I messed around with it today. i dont know if its worth it. the guage is working again (on empty). so its either the relay or the pump. however i pulled the pump out and the tank is bone dry so it is all rust flakes floating around in there so, i dont know if its worth the money to get the front tank in service. the rear one is the biggest so thats what matters most


----------



## naco (Aug 29, 2004)

there is a fuel cutoff switch located in either drivers or passangers side kick panel


----------



## cgillispn (Feb 25, 2004)

naco, what does the cutoff switch look like? also, is there just a reset button on it?


----------



## streetsurfin' (Jan 22, 2004)

This goes back to about an 88(+/-) truck that I borrowed from a friend once. His wouldn't pump enough fuel at highway speeds to keep it running. It would sputter at 60 and run better as you pulled off the highway or stopped to look at it. I reported it to him and he had it fixed. He'd known of the problem but just didn't use the extra tank. I wasn't innvolved in the repair but from what he told me, I thought there was a switching valve that was clogged from the tank debris (bad gas from non use of the tank over time), and wouldn't switch completely to the second tank. Not the relays but a valve in the fuel line that would plumb the two fuel lines into the one line that fed the fuel injection. I'd look into a shop manual and see if there isn't such a part.


----------



## 85F150 (Mar 13, 2003)

Dont worry about the fuel cutoff switch or inertia switch as it is called it completely cuts the fuel system off. Your problem is a harder to solve without being there. So here is a little help. 

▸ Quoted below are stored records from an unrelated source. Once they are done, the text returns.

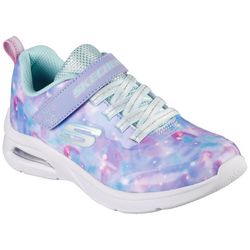 Skechers Girls Microspec Max Athletic Shoes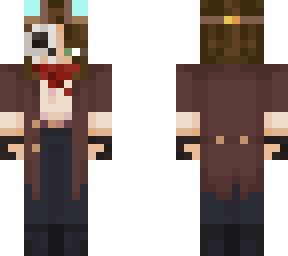 trench coat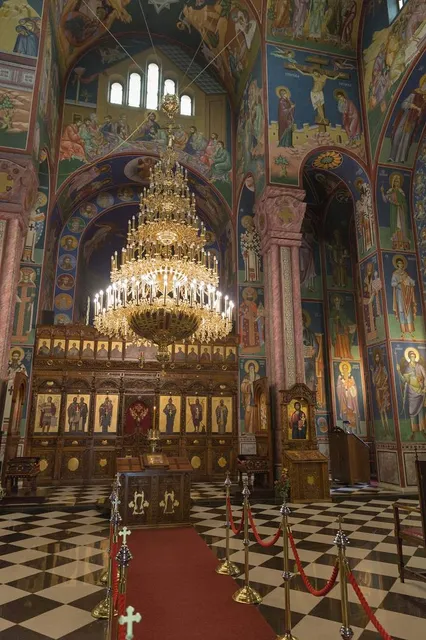 Sts. Cyril and Methodius Church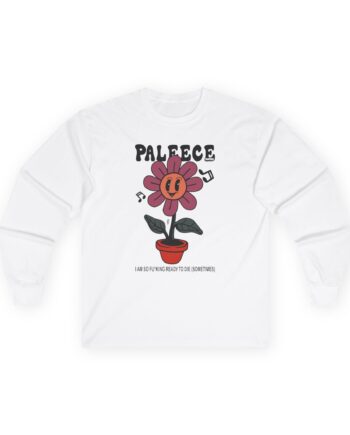 Paleface Swiss Flower Unisex Ultra Cotton Long Sleeve Tee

if the truck still runs with the front tank empty and and the switch is on the front it is in the fuel selector valve. It is mounted by the t-case on the frame. HAs 4 or so lines going in then 2 out IIRC. 

If you are havin probs with one pump not coming on but the other does and have replaced the switch, the problem is usually the pump or in the harness going to the pump. Go to the pump that isn't working and check the wires with a test light, IIRC at least one should light up when the key is turned on. Most common problems i have run into our bad grounds. My 88 has a bad selector valve but the front sending unit jumps between totally empty and working correctly. i am just too cheep to replace it 

i would do the test light trick on the working tank first so you know which wires do what. Then if you aren't getting one to light up the same as the other tank run a positive wire from the battery (just a temp thing) to the wire that should be lighting up on the non-functional tank. And if that solves the prob you know you hve a bad power wire somewhere. I would start at the tank and work my way back through the fuel harness though. good luck


----------